OpenNMT-py with inspection

This is a fork of OpenNMT-py that allows for inspection of the activations of intermediate neurons, as well as manual modification of those neurons at inference time. Everything is known to work with the single-direction RNN encoder; others have not been tested. This fork adds the following option to train.py:

-separate_layers
  Train the RNN or BRNN with a separate module for each layer. This must be true at training time in order for -dump_layers to work at inference time.

It adds the following option to translate.py:

-dump_layers FILENAME
  Dump the activations of all encoder layers to FILENAME. Only works on models trained with -separate_layers (or non-RNN models, theoretically). The file will be in .pt format, consisting of an array of shape (sentences) x (tokens in this sentence) x (layers) x (neurons in this layer), where only the last dimension of the array is a Tensor.

It adds the correlate.py and correlation-to-basis.py scripts in the searchers/ directory. These aren't easy to use yet, but they provide functions that can be called from Python, with a usage example at the bottom of correlate.py.

It also adds the script mask_out.py in the root directory. This is run with the following options:

-mask_out_layer INT
  Which layer to apply masking out to
-mask_out_basis FILENAME
  A .pt file containing a (# of neurons in this layer) x (# neurons in this layer) matrix, where the (n)th row is the
  hypothesized (n)th most important basis vector for the space. When testing individual neurons' importances, this will be
  a permutation matrix. The basis must be orthonormal.
-mask_out_cumulative
  Use this flag to do the cumulative experiment, where more neurons are masked out at every step. If this is not set, then
  instead each interval will be masked out independently (i.e. there will be a run without 0-50, then without 50-100, etc.)
-mask_out_intervals INT
  The number of intervals to divide the basis into. E.g. if this is 10, and there are 500 neurons, then at every step 50 more neurons
  will be masked out.

mask_out.py also accepts all the same arguments as translate.py. When running mask_out.py, the -output option should specify a directory, and this directory will be populated with files named without-%d-%d.txt with the two integers indicating which range of basis vectors was masked out. Currently, -dump_layers will not work, as every next run will overwrite the dump. This will hopefully be fixed soon.

The README from upstream OpenNMT-py follows.

OpenNMT-py: Open-Source Neural Machine Translation

Build Status

This is a Pytorch port of OpenNMT, an open-source (MIT) neural machine translation system. It is designed to be research friendly to try out new ideas in translation, summary, image-to-text, morphology, and many other domains.

Codebase is relatively stable, but PyTorch is still evolving. We currently only support PyTorch 0.4 and recommend forking if you need to have stable code.

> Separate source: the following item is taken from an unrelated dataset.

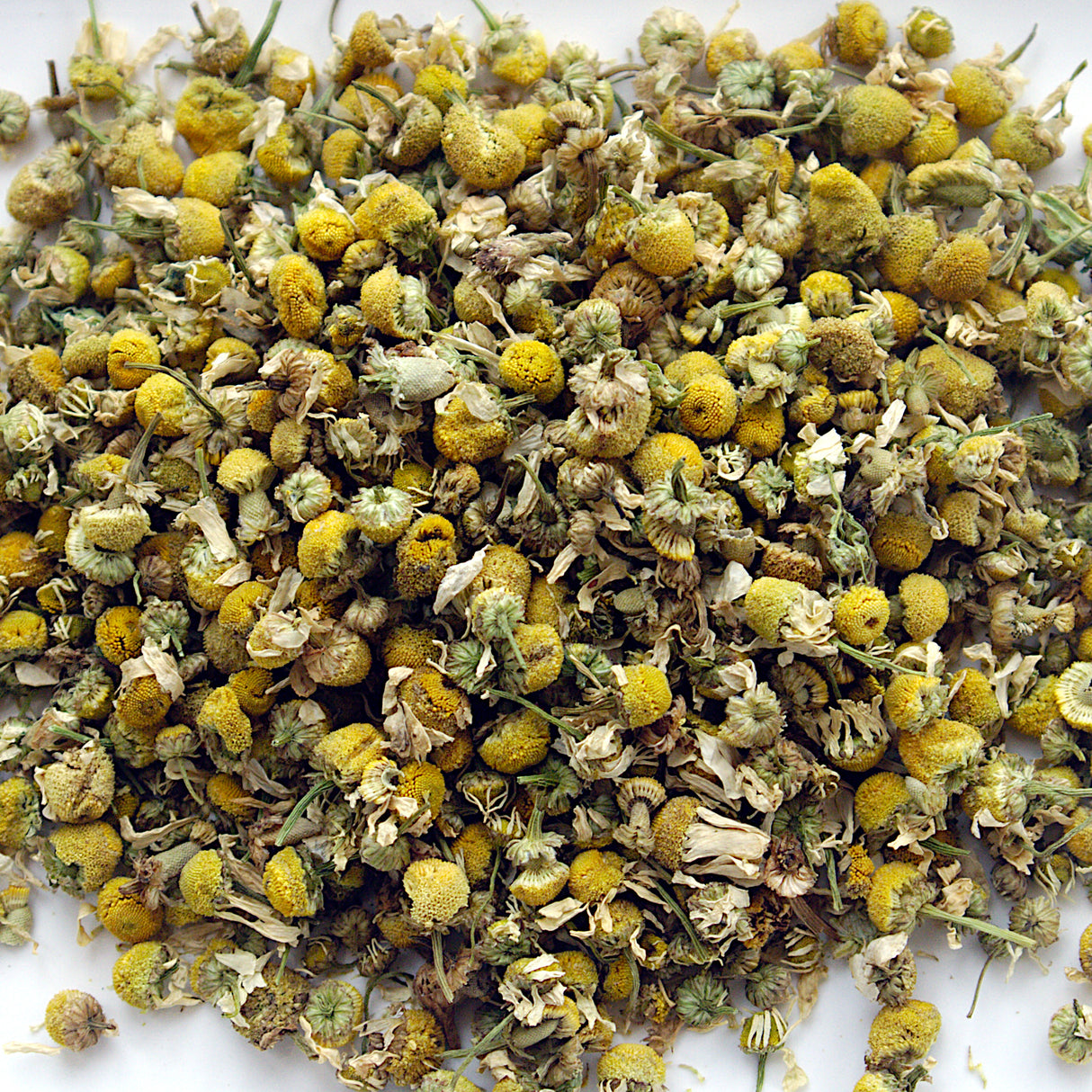 Chamomile-Loose leaf tea-Truly Tea Shop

OpenNMT-py is run as a collaborative open-source project. It is maintained by Sasha Rush (Cambridge, MA), Ben Peters (Saarbrücken), and Jianyu Zhan (Shanghai). The original code was written by Adam Lerer (NYC). We love contributions. Please consult the Issues page for any Contributions Welcome tagged post.

Table of Contents

Requirements

All dependencies can be installed via:

pip install -r requirements.txt

Note that we currently only support PyTorch 0.4.

Features

The following OpenNMT features are implemented:

Beta Features (committed):

  • multi-GPU
  • Structured attention
  • [Conv2Conv convolution model]
  • SRU "RNNs faster than CNN" paper

Quickstart

Full Documentation

Step 1: Preprocess the data

python preprocess.py -train_src data/src-train.txt -train_tgt data/tgt-train.txt -valid_src data/src-val.txt -valid_tgt data/tgt-val.txt -save_data data/demo

We will be working with some example data in data/ folder.

The data consists of parallel source (src) and target (tgt) data containing one sentence per line with tokens separated by a space:

  • src-train.txt
  • tgt-train.txt
  • src-val.txt
  • tgt-val.txt

Validation files are required and used to evaluate the convergence of the training. It usually contains no more than 5000 sentences.

After running the preprocessing, the following files are generated:

  • demo.train.pt: serialized PyTorch file containing training data
  • demo.valid.pt: serialized PyTorch file containing validation data
  • demo.vocab.pt: serialized PyTorch file containing vocabulary data

Internally the system never touches the words themselves, but uses these indices.

Step 2: Train the model

python train.py -data data/demo -save_model demo-model

The main train command is quite simple. Minimally it takes a data file and a save file. This will run the default model, which consists of a 2-layer LSTM with 500 hidden units on both the encoder/decoder. You can also add -gpuid 1 to use (say) GPU 1.

Step 3: Translate

python translate.py -model demo-model_acc_XX.XX_ppl_XXX.XX_eX.pt -src data/src-test.txt -output pred.txt -replace_unk -verbose

Now you have a model which you can use to predict on new data. We do this by running beam search. This will output predictions into pred.txt.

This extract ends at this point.